Is there a distributed VCS that can manage large files?

https://stackoverflow.com/questions/70392

09-06-2019
|

Question

Is there a distributed version control system (git, bazaar, mercurial, darcs etc.) that can handle files larger than available RAM?

I need to be able to commit large binary files (i.e. datasets, source video/images, archives), but I don't need to be able to diff them, just be able to commit and then update when the file changes.

I last looked at this about a year ago, and none of the obvious candidates allowed this, since they're all designed to diff in memory for speed. That left me with a VCS for managing code and something else ("asset management" software or just rsync and scripts) for large files, which is pretty ugly when the directory structures of the two overlap.

Solution

It's been 3 years since I asked this question, but, as of version 2.0 Mercurial includes the largefiles extension, which accomplishes what I was originally looking for:

The largefiles extension allows for tracking large, incompressible binary files in Mercurial without requiring excessive bandwidth for clones and pulls. Files added as largefiles are not tracked directly by Mercurial; rather, their revisions are identified by a checksum, and Mercurial tracks these checksums. This way, when you clone a repository or pull in changesets, the large files in older revisions of the repository are not needed, and only the ones needed to update to the current version are downloaded. This saves both disk space and bandwidth.

OTHER TIPS

No free distributed version control system supports this. If you want this feature, you will have to implement it.
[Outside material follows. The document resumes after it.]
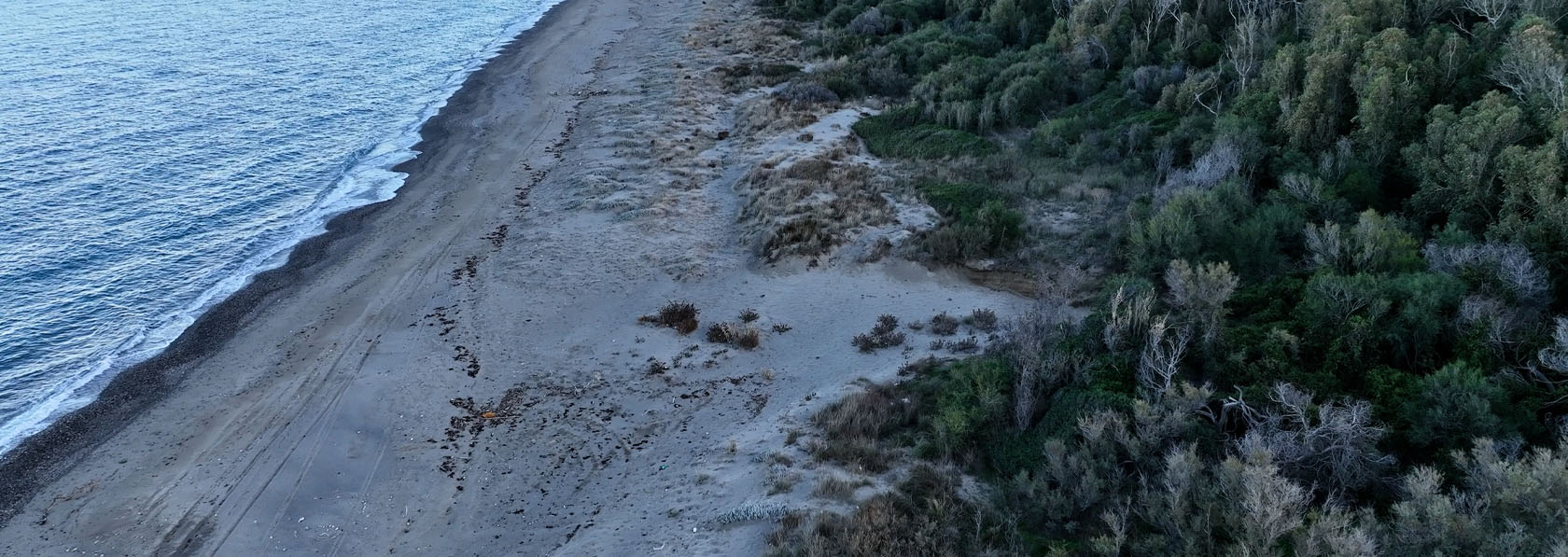 dune di marinella home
You can write off git: they are interested in raw performance for the Linux kernel development use case. It is improbable they would ever accept the performance trade-off in scaling to huge binary files. I do not know about Mercurial, but they seem to have made similar choices as git in coupling their operating model to their storage model for performance.

In principle, Bazaar should be able to support your use case with a plugin that implements tree/branch/repository formats whose on-disk storage and implementation strategy is optimized for your use case. In case the internal architecture blocks you, and you release useful code, I expect the core developers will help fix the internal architecture. Also, you could set up a feature development contract with Canonical.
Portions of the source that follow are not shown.